O estudo “Atlas da Violência 2024”, do Instituto de Pesquisa Econômica Aplicada (Ipea), mostra que as mulheres com deficiência têm até sete vezes mais chances de sofrer abusos em comparação aos homens com deficiência. O levantamento revela que essas mulheres enfrentam não apenas as formas de violência comuns a todas as mulheres, mas as vulnerabilidades específicas, como o isolamento social, a dependência de cuidadores e a limitação em sua defesa física, fatores que ampliam sua exposição ao risco.
Um levantamento publicado pela Organização Mundial da Saúde (OMS) em 2024 constatou que mulheres com deficiência correm maior risco de sofrer violência por parte de parceiros íntimos, além de apresentarem taxas elevadas de violência sexual.

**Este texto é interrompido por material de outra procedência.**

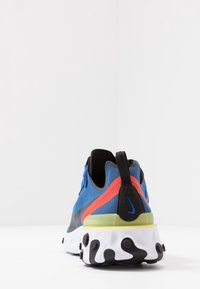 Blå kanvas-sneakers med svarta detaljer, röda och gröna inslag, texturerad sula och dragflik vid hälen. Har Nike-logotyp.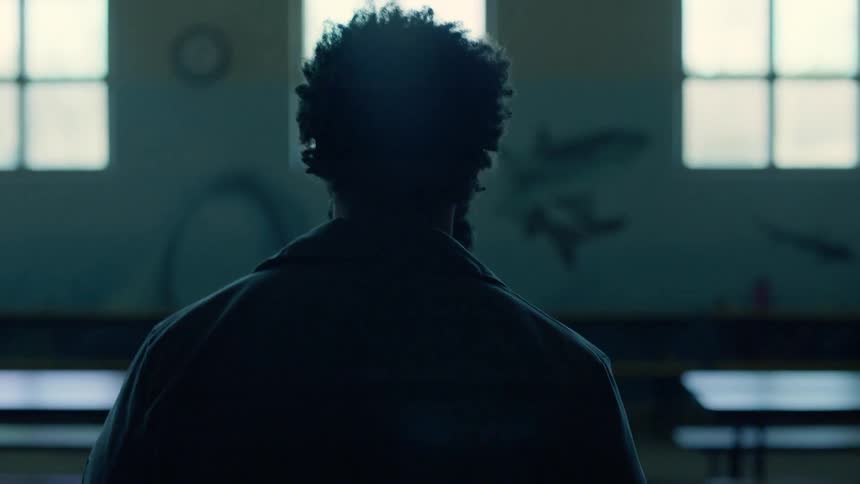 Man walks between rows of desks towards the windows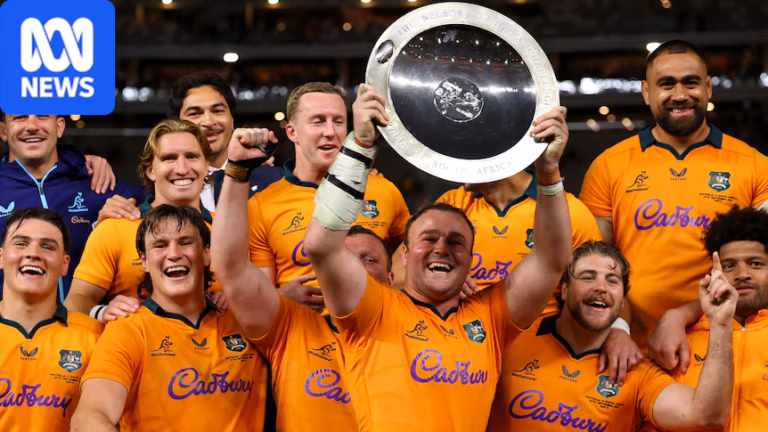 Harry Wilson and the Wallabies hold aloft the Mandela Challenge Plate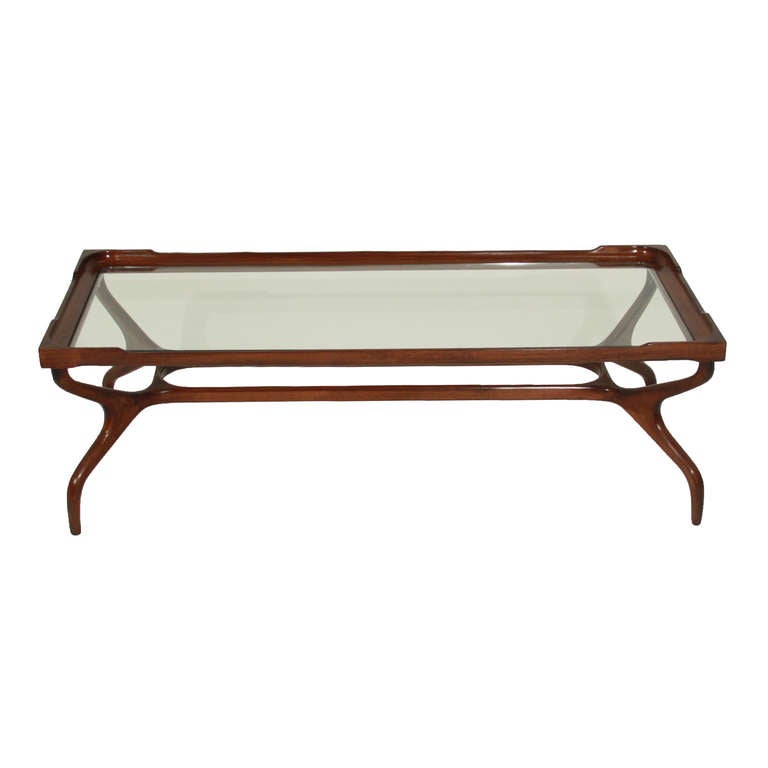 A sculptural glass coffee table by Guiseppi Scapinelli in rich Peroba de Campos. The legs curve inward, connect, and curve outward while tapering toward the base. It is an obviously Brazilian design but also highly influenced by Italian design at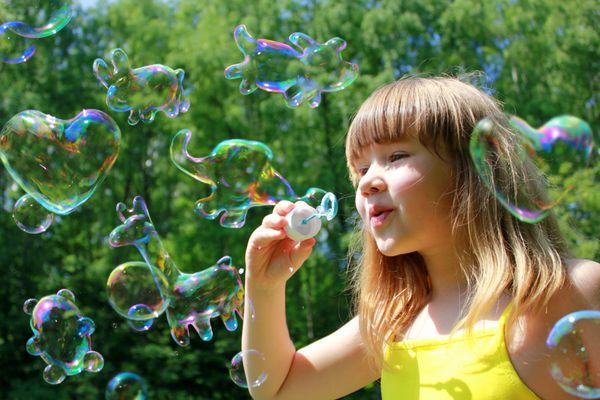 دختر بچه‌ای که حباب‌های صابونی به شکل حیوانات بامزه را باد می‌دهد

A relação entre a deficiência e aspectos como raça, classe social, idade e etnia também cria um cenário mais complexo e perigoso. As mulheres com deficiência intelectual, por exemplo, são ainda mais vulneráveis à violência sexual, o que exige ações mais eficazes e políticas públicas que as protejam adequadamente. A gravidade dessa situação motivou a criação do Projeto de Lei 496/2020, que busca obrigar o poder público a coletar dados sobre a violência contra pessoas com deficiência. O projeto, que está tramitando no Senado, é um passo importante para garantir que essa realidade seja reconhecida e combatida com mais efetividade.
A informação e a mudança de atitude são iniciativas fundamentais para aumentar a inclusão de mulheres com deficiência e para mobilizar políticas públicas que valorizem e respeitem nossos direitos, no mundo do trabalho e na sociedade como um todo.
Mulher com deficiência não é um gênero sexual exclusivo. É mulher, também. Encurtar os caminhos e eliminar as barreiras que atrapalham a feminilidade da mulher com deficiência vai além da inclusão. É colaborar para exercermos nossa identidade feminina de forma plena, justa, igualitária e, de fato, mais humana.